L’extrême droite n’est-elle pas aimantée par le sang et la catastrophe ?

Le sang, chez elle, ne me paraît pas constituer un but mais un moyen. Pour assurer une domination totale d’Israël entre le fleuve Jourdain et la mer Méditerranée, tous les expédients sont bons, y compris un bain de sang.

Comment considérez-vous le Hamas, élu à Gaza en 2006 ?

Il n’a pas de légitimité démocratique, dans la mesure où les scrutins sont anciens et furent truqués. Il est impossible de critiquer ouvertement le Hamas, à Gaza en particulier, tant il fait régner la répression brutale. C’est un organisme complexe, avec sa branche politique et sa branche militaire. Et que nous le voulions ou non, c’est l’un des acteurs de la vie politique palestinienne.

Les Palestiniens se sont laissé subjuguer par le Hamas après avoir été privés, par Israël, de toute possibilité de résistance pacifique. Les marches contre le mur de séparation, les protestations contre la dépossession de leurs terres : tout a été réprimé avec une brutalité allant crescendo. On voit le résultat.

Vous sentez-vous tentée par l’union nationale en Israël ?

L’unité n’est pas une vertu en soi. À quoi bon se serrer les coudes si c’est pour éviter de réfléchir à la question essentielle : comment avons-nous pu en arriver là ? L’unité nationale est un leurre et une faute si cela consiste à passer sous la houlette d’Itamar Ben Gvir, ce ministre issu de la formation d’extrême droite Force juive, nommé par Benyamin Nétanyahou au poste de ministre de la sécurité nationale.

Nous avons besoin de débats profonds et sérieux plutôt que d’un réflexe grégaire et primaire.

Par exemple ?

Je pare au plus pressé : le lien entre représailles et sécurité.
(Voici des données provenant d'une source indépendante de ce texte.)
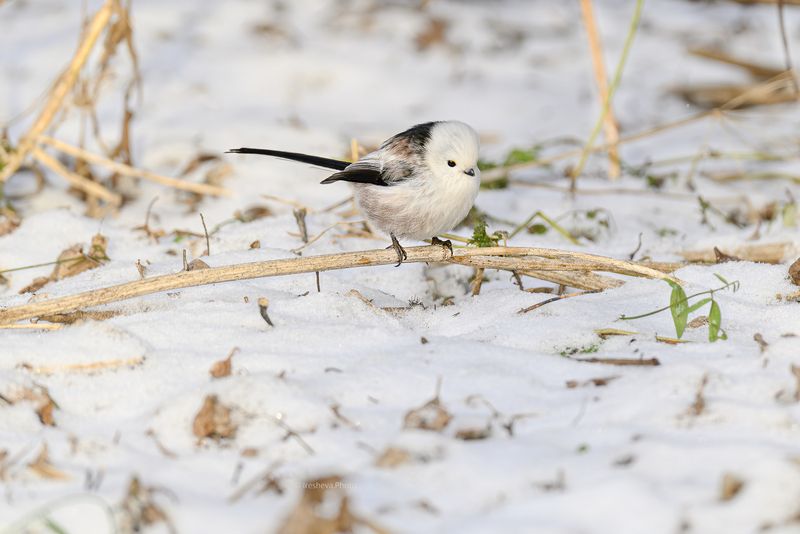Ополовник,синица,птица Ополовничек фото превью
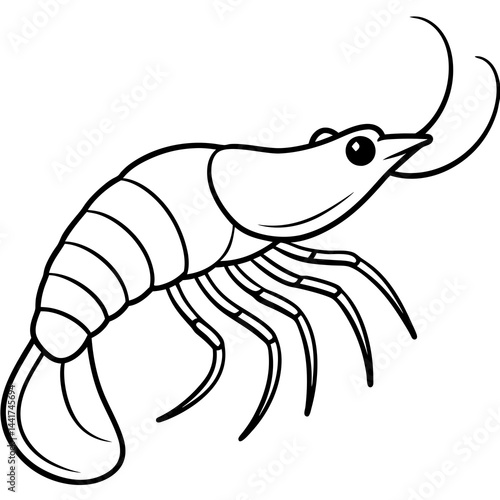 Continuous Line Shrimp Vector Art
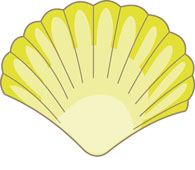 shell%20clipart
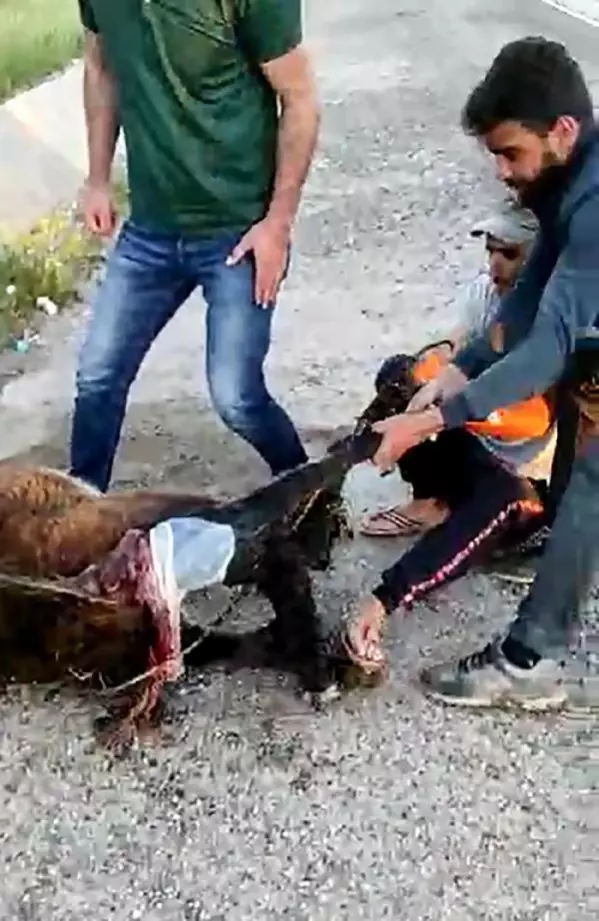 Veterineri telefonla görüntülü arayıp eşeğe doğum yaptırdı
Un tel lien – « seule la rétorsion nous apportera le calme » – est totalement illusoire. Combien de fois, dans le passé récent, Israël s’est-il lancé dans des opérations de vengeance et de châtiment après des attentats palestiniens ? Cela nous a-t-il pour autant conduits à plus de sécurité ? Au contraire !
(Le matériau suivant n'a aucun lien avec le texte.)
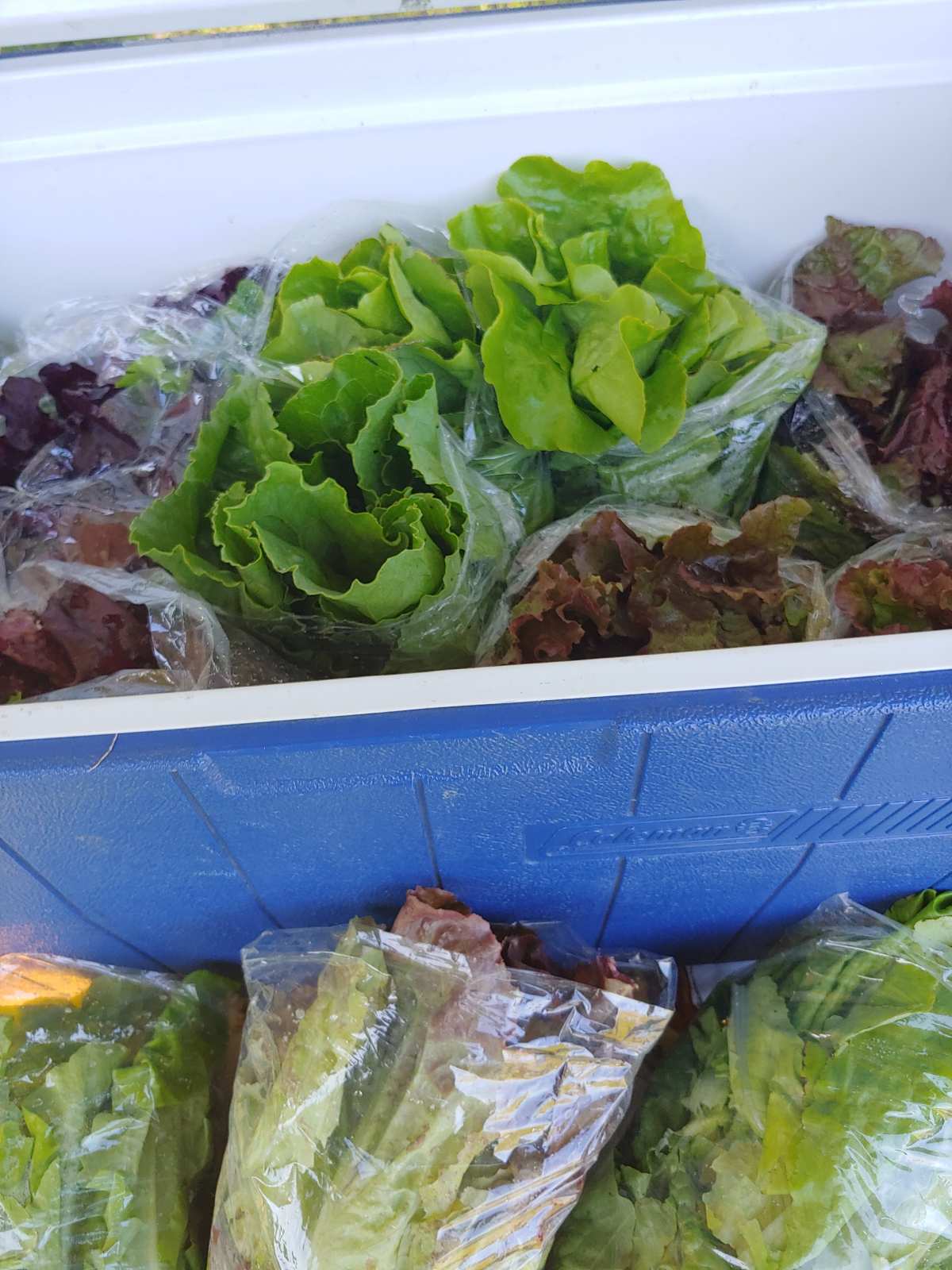 fresh lettuce on display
Israël doit enfin s’en tenir au respect des principes qui régissent les relations internationales : mettre fin au blocus ainsi qu’à l’apartheid. Voilà, plutôt que toutes les formes d’escalade et d’intensification, ce qui devrait conduire à la sécurité d’Israël.

Vous avez la chance, vivant dans un pays occupant se targuant d’être une démocratie, d’exprimer un point de vue critique. C’est un luxe que ne peuvent se permettre tant de Palestiniens, non ?

J’accepte volontiers l’idée que c’est plus facile pour moi de parler librement. Je ne veux pas m’exprimer à la place des Palestiniens, mais je ne vous cache pas que je souhaite ardemment que nos amis et partenaires en Palestine reconnaissent qu’un crime horrible a été commis par le Hamas le week-end du 7 octobre.

Que vous apporte d’être juive d’Iran ?

Une vision claire de la place d’Israël au Moyen-Orient. Une vision claire de la nature coloniale, du rôle et de la géopolitique d’Israël.

Vous avez parlé d’« apartheid » tout à l’heure et maintenant de « nature coloniale », ce qui signalerait une « israélophobie », selon les défenseurs inconditionnels de l’État hébreu…

B’Tselem a publié voilà bientôt trois ans un rapport étayant ces aspects indéniables d’Israël. Notre position n’est pas nouvelle et devrait permettre de faire progresser les discussions, voire la situation, plutôt que de susciter des crispations déplacées par les temps qui courent.